Buck grins at the wall. Eddie's spooning him and the sun is pouring in and the world is waking up and they have to go back to LA today. Back to the 118. Back to real life and Chimney and the firehouse and Christopher and the beautifully complicated mess of their lives that is now different in a way that Buck can feel in his bones.
But that's later.

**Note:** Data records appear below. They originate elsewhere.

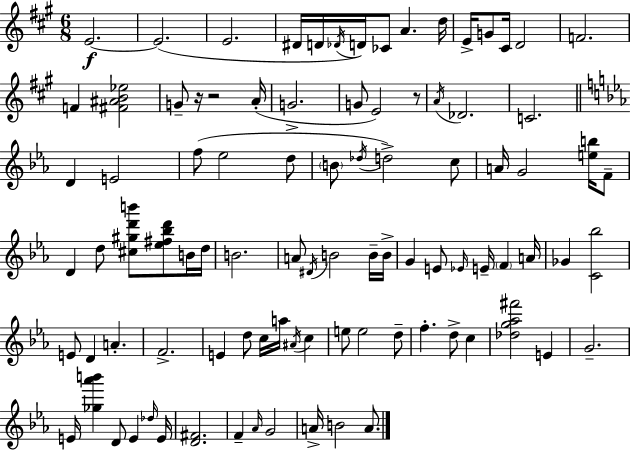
{
  \clef treble
  \numericTimeSignature
  \time 6/8
  \key a \major
  e'2.~~\f | e'2.( | e'2. | dis'16 d'16 \acciaccatura { des'16 } d'16) ces'8 a'4. | \break d''16 e'16-> g'8 cis'16 d'2 | f'2. | f'4 <fis' ais' b' ees''>2 | g'8-- r16 r2 | \break a'16-.( g'2.-> | g'8 e'2) r8 | \acciaccatura { a'16 } des'2. | c'2. | \break \bar "||" \break \key ees \major d'4 e'2 | f''8( ees''2 d''8 | \parenthesize b'8 \acciaccatura { des''16 } d''2->) c''8 | a'16 g'2 <e'' b''>16 f'8-- | \break d'4 d''8 <cis'' gis'' d''' b'''>8 <ees'' fis'' bes'' d'''>8 b'16 | d''16 b'2. | a'8 \acciaccatura { dis'16 } b'2 | b'16-- b'16-> g'4 e'8 \grace { ees'16 } e'16-- \parenthesize f'4 | \break a'16 ges'4 <c' bes''>2 | e'8 d'4 a'4.-. | f'2.-> | e'4 d''8 c''16 a''16 \acciaccatura { ais'16 } | \break c''4 e''8 e''2 | d''8-- f''4.-. d''8-> | c''4 <des'' g'' aes'' fis'''>2 | e'4 g'2.-- | \break e'16 <ges'' aes''' b'''>4 d'8 e'4 | \grace { des''16 } e'16 <d' fis'>2. | f'4-- \grace { aes'16 } g'2 | a'16-> b'2 | \break a'8. \bar "|."
}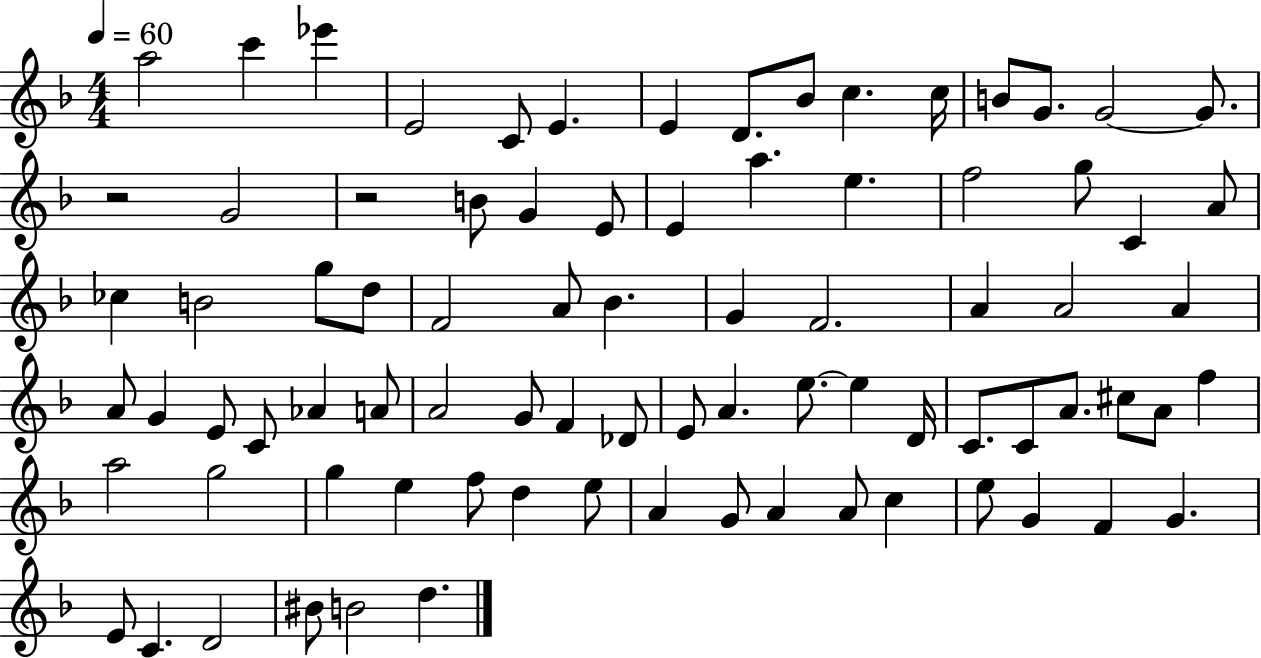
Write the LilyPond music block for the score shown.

{
  \clef treble
  \numericTimeSignature
  \time 4/4
  \key f \major
  \tempo 4 = 60
  a''2 c'''4 ees'''4 | e'2 c'8 e'4. | e'4 d'8. bes'8 c''4. c''16 | b'8 g'8. g'2~~ g'8. | \break r2 g'2 | r2 b'8 g'4 e'8 | e'4 a''4. e''4. | f''2 g''8 c'4 a'8 | \break ces''4 b'2 g''8 d''8 | f'2 a'8 bes'4. | g'4 f'2. | a'4 a'2 a'4 | \break a'8 g'4 e'8 c'8 aes'4 a'8 | a'2 g'8 f'4 des'8 | e'8 a'4. e''8.~~ e''4 d'16 | c'8. c'8 a'8. cis''8 a'8 f''4 | \break a''2 g''2 | g''4 e''4 f''8 d''4 e''8 | a'4 g'8 a'4 a'8 c''4 | e''8 g'4 f'4 g'4. | \break e'8 c'4. d'2 | bis'8 b'2 d''4. | \bar "|."
}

Right now Eddie is drawing lazy patterns on his skin and Buck can feel him smiling into his shoulder.
"We're going to have to talk about this," Buck says.
"Later."
"And tell people."
"Later."
"Chimney is going to be insufferable."
"Chimney is always insufferable. Later." Eddie presses a kiss to the back of Buck's neck, soft and certain, and Buck's whole body lights up with it. "We don't have to check out until eleven."
"It's nine-thirty."
"Then you have ninety minutes to shut up." Eddie pulls him closer. Buck lets himself be pulled. "Think you can manage that?"
Buck laughs. It comes out bright and free in a way that surprises him because nothing about last night should feel so easy, it should feel complicated and terrifying and world-altering and it is all of those things but right now, in this bed, wrapped up in Eddie and the whole sprawling future of them stretching out ahead like a highway they haven't driven yet, it mostly just feels like the start of everything.
"Bobby would be so smug right now," Buck says. "You know that, right? He'd have that look. The one where he pretends he's not taking credit for everything."
Eddie laughs into his shoulder, his arm tightening around Buck as he says, "Yeah. He would. Smug and proud of us, for finally figuring it out."
They don't get out of bed for another hour.